The thing that has kept me from setting my home server up like that is security. It's much easier to let Google/Amazon/Dropbox/etc. worry about keeping things secure and reliable than for me to have to duplicate that effort. I use Unraid on my server, and know there are some plugins to put it on the web, but worry about then having to secure my otherwise very-streamlined file server.


----------



## roasted (Jan 23, 2012)

hyunelan2 said:


> The thing that has kept me from setting my home server up like that is security. It's much easier to let Google/Amazon/Dropbox/etc. worry about keeping things secure and reliable than for me to have to duplicate that effort. I use Unraid on my server, and know there are some plugins to put it on the web, but worry about then having to secure my otherwise very-streamlined file server.


I was actually surprised how easy it was to set up. In fact, at first I was raging at the thing because I couldn't get it to work. Any time PHP and MySQL are involved I can't help but to think it's going to be quite a task to get things moving. All I really did was download the tarball and move it to the already installed Apache directory. When I installed MySQL-server it asked for a root password, so I created one there of course. But once I fired up the web interface it actually self configured everything else, including creating a new user when I put in the user/pw I wanted. That was uh.. that was it. 

What's nice is I have my own personal server limited only to my raid array size... I talked to some guy who had OwnCloud set up with 8TB. Can't get that from Dropbox. 

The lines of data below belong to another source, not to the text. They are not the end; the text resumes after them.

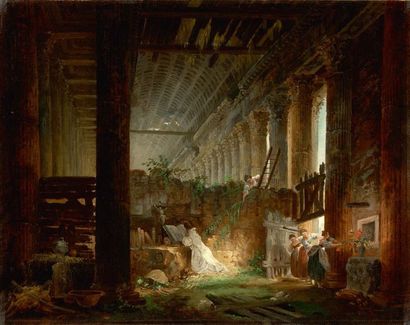 Hubert ROBERT (Paris, 1733 - 1808) Un ermite priant dans les ruines d'un temple romain
Encre...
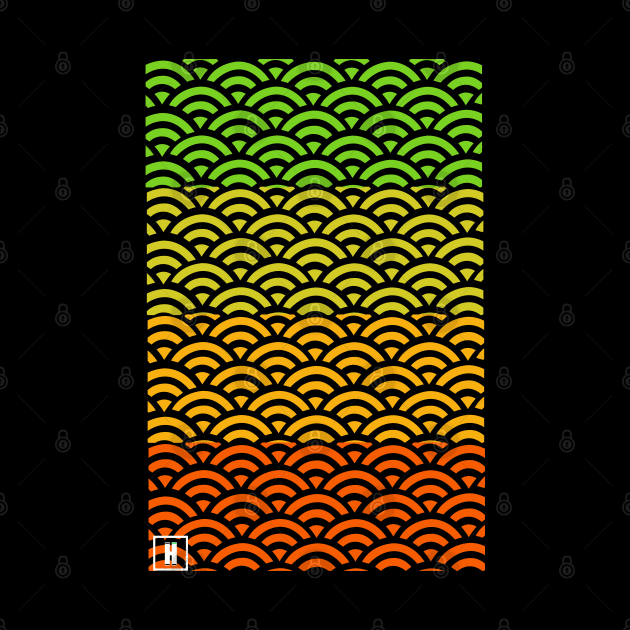 Retro Japanese Clouds Pattern RE:COLOR 05 by HCreatives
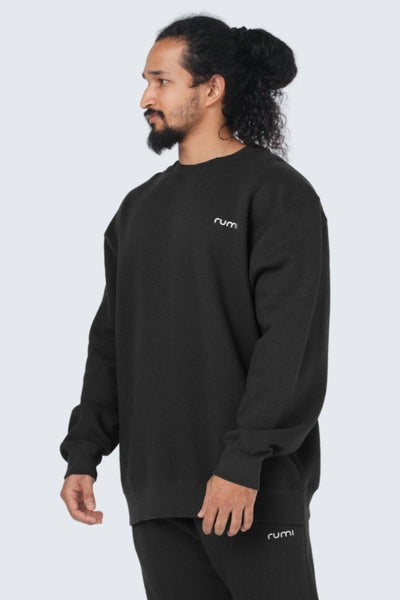 Rumi Earth - MU Moon Sweatshirt Fleece - Black - R515005BKP - M - Tops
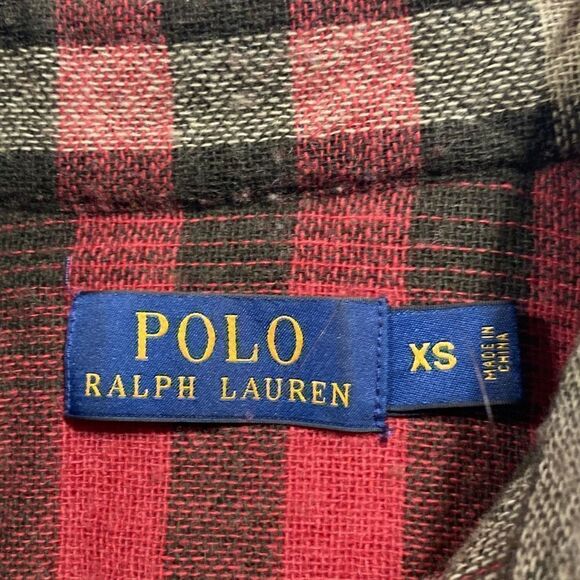 Polo Ralph Lauren Vintage Wool Cashmere Blend Plaid Button Down Flannel Shirt XS - Picture 12 of 15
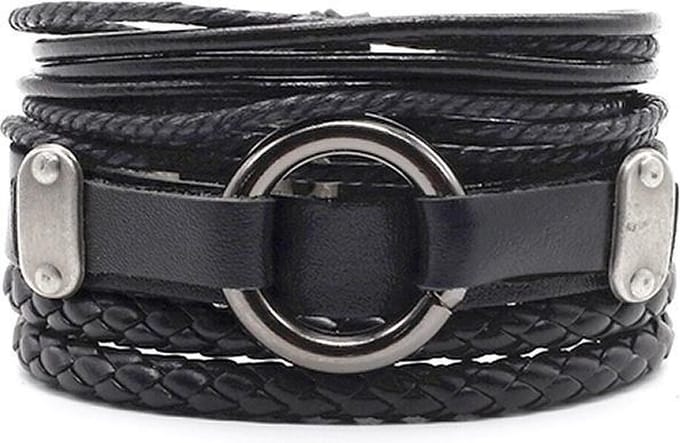 Montebello Armbanden Beata Black - Leer - 316L Steel - 3-delig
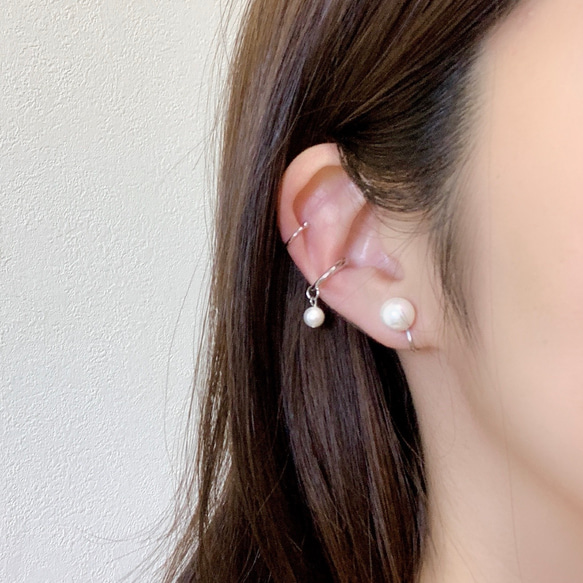 《再販》貝パール　イヤーカフセット【sv925・14kgfピアス/イヤリング】/earcuff-001 5枚目の画像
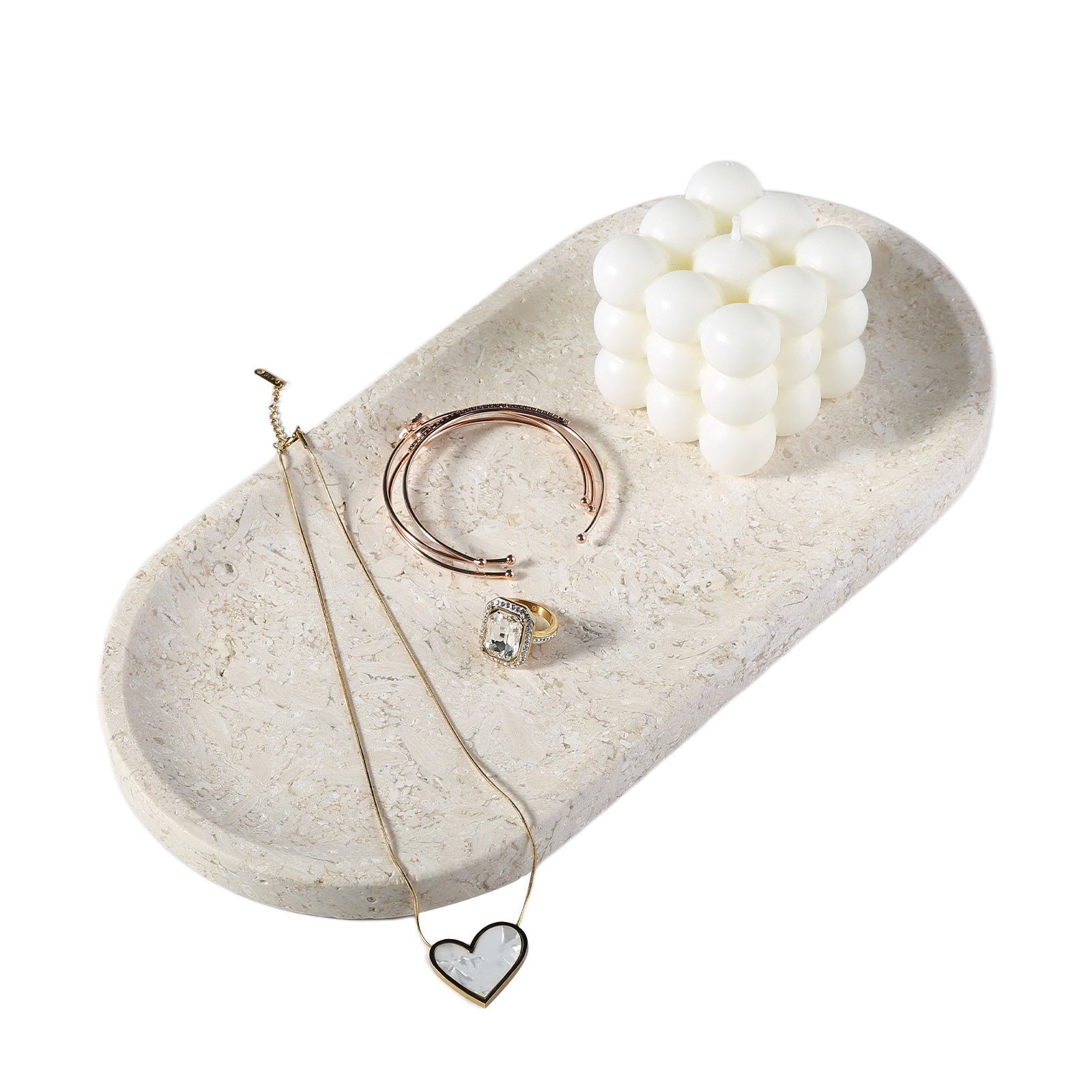 Race Track Tray - Moca Cream Media (Marble)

Not to mention, Dropbox and other services aren't 100% hack proof either. Mitt Romney, granted him being a political icon defaults him to having a bigger target on his back than any average user would, but supposedly his Dropbox was hacked ~2 weeks ago. I still use Dropbox and the security hasn't once phased me. I like the OwnCloud idea because it's on my own server with me managing things the way I want, setting up users as I want, and having virtually unlimited disk space as long as I have hard drives big enough to accommodate it accordingly. :thumbup:

FYI - How do you like your Elantra? I have an 01... 170k hard miles, factory clutch, still purring. Flipping love that company. :thumbsup:


----------